Human-like capacity limitation in multi-system models of working memory
Yudi Xie, Christopher Cueva, Guangyu Robert Yang, Massachusetts Institute of Technology, United States; Yu Duan, Aohua Cheng, Tsinghua University, China; Pengcen Jiang, University of Science and Technology of China, China
Session:
Posters 3 Poster
Location:
Pacific Ballroom H-O
Presentation Time:
Sat, 27 Aug, 19:30 - 21:30 Pacific Time (UTC -8)
Abstract:
Working memory (WM) enables humans and other animals to hold information temporarily for various kinds of mental processing. WM has limited capacity and the maintenance of information in WM involves interactions between multiple brain regions. To account for such properties, we built multi-system models of WM, i.e., models that involve both sensory and cognitive systems, and their interactions. Our contributions are twofold, involving engineering and science. Engineering-wise, we built a framework to systematically construct such models to generate and test hypotheses in neuroscience research. Our models take sensory stimuli in their raw form, and reproduce diverse behavioral and neural findings across classical and recent WM experiments. Science-wise, our framework allows us to dissect the sensory and cognitive system’s contribution to WM capacity limitation.
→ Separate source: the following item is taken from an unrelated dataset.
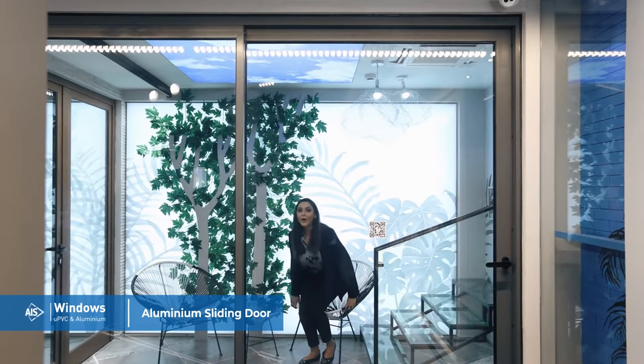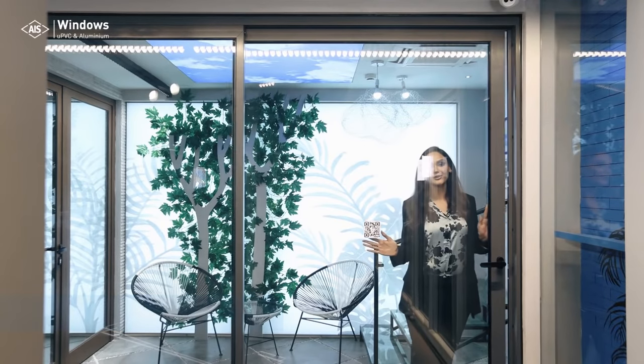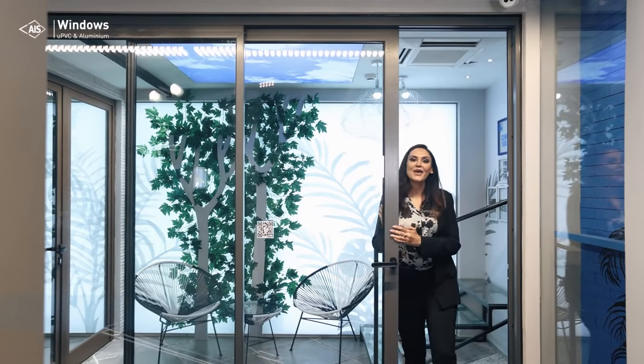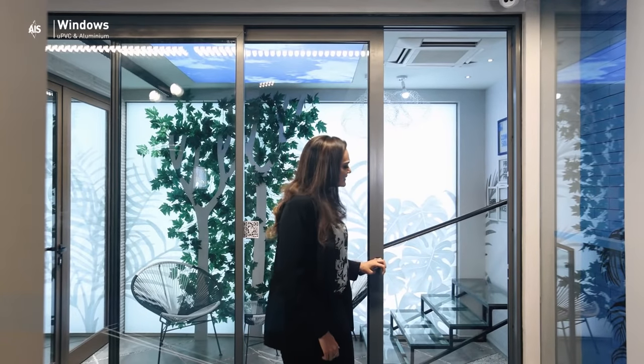Aluminium sliding doors from AAIS Windows are a preferred choice over conventional doors. They are compact and occupy less space. These doors are more lightweight, corrosion resistant, durable and secured compared to normal doors.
Our models reproduced behavioral findings in several WM tasks commonly used to assess capacity limitation. We found human-like capacity limitations arise in models with sensory systems pre-trained to recognize natural images, but not in models trained end-to-end on WM tasks. Our results suggest that WM capacity limitation is partly attributed to the sensory system when it is optimized for naturalistic objectives other than tasks artificially designed to probe WM.